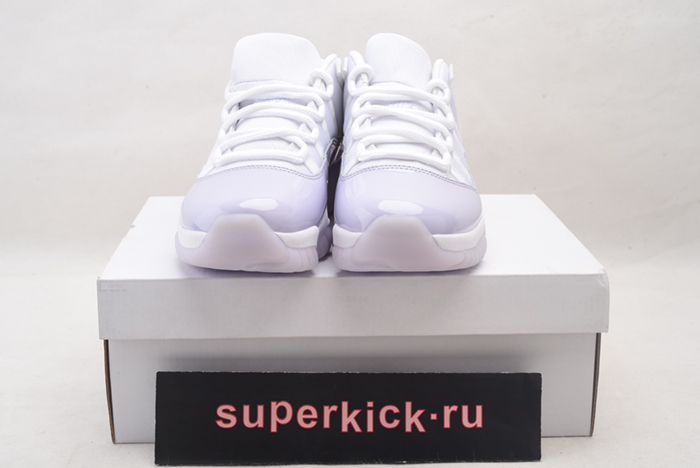 WMNS AJ11 RETRO LOW AH7860 101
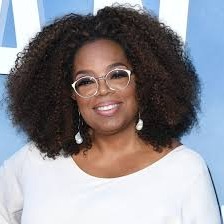 oprah winfrey 2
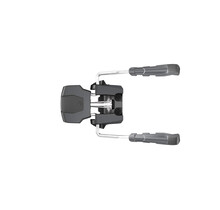 Tyrolia Power Brake2 Ld 95 [D] (1 Pair) (26/27) Black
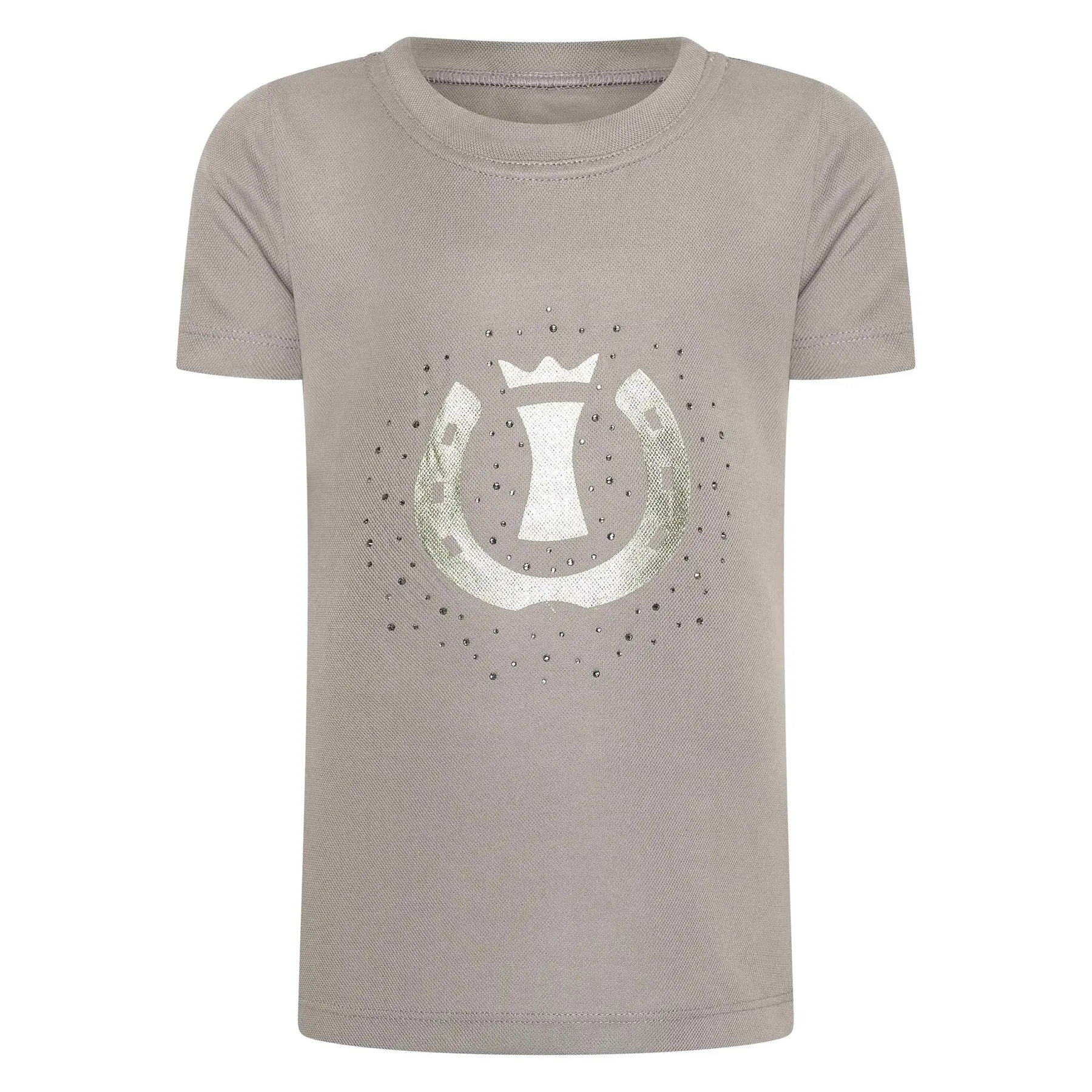 Children's Active T-shirt Imperial Riding Hally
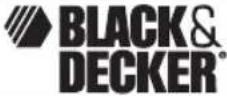 BLACK & DECKER KW712 - TÜRKÇE - 1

→ The problem:
For this task, give again exactly the lines from the line with "oprah winfrey 2" through the end of the entries, including both ends, and omit the pictures.

→ Answer to this exercise:
 oprah winfrey 2
 Tyrolia Power Brake2 Ld 95 [D] (1 Pair) (26/27) Black
 Children's Active T-shirt Imperial Riding Hally
 BLACK & DECKER KW712 - TÜRKÇE - 1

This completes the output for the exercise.